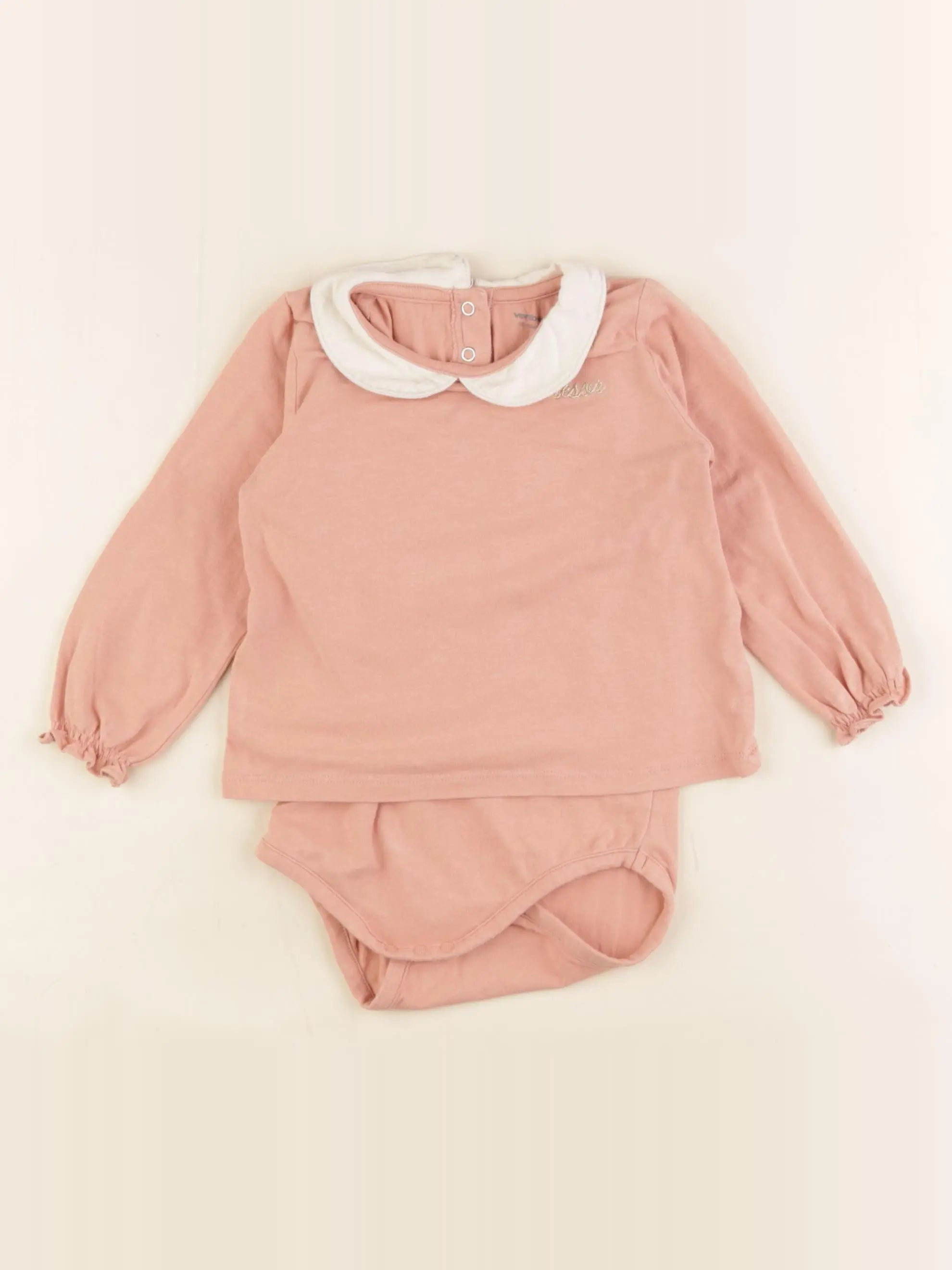Vertbaudet - body tee-shirt rose - 18 mois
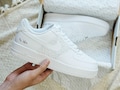 Wedding Personalized Sneakers • Prom • Graduation Pearl Crystal Bridal Shoes • Air Force 1 AF1 White Wedding Bling Sneakers • NK_03 product logo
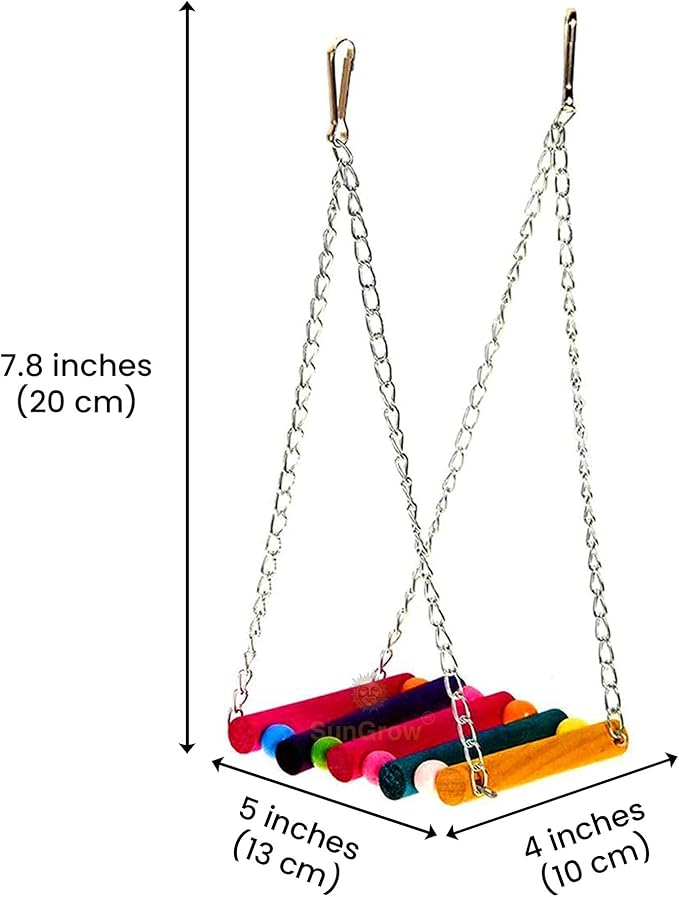 SunGrow Parrot Cage Hammock Swing, Colorful Wooden Swing - Image 6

• Your assignment
The copy should match each line above exactly and contain no images.

• Written reply
Vertbaudet - body tee-shirt rose - 18 mois
 Wedding Personalized Sneakers • Prom • Graduation Pearl Crystal Bridal Shoes • Air Force 1 AF1 White Wedding Bling Sneakers • NK_03 product logo
 SunGrow Parrot Cage Hammock Swing, Colorful Wooden Swing - Image 6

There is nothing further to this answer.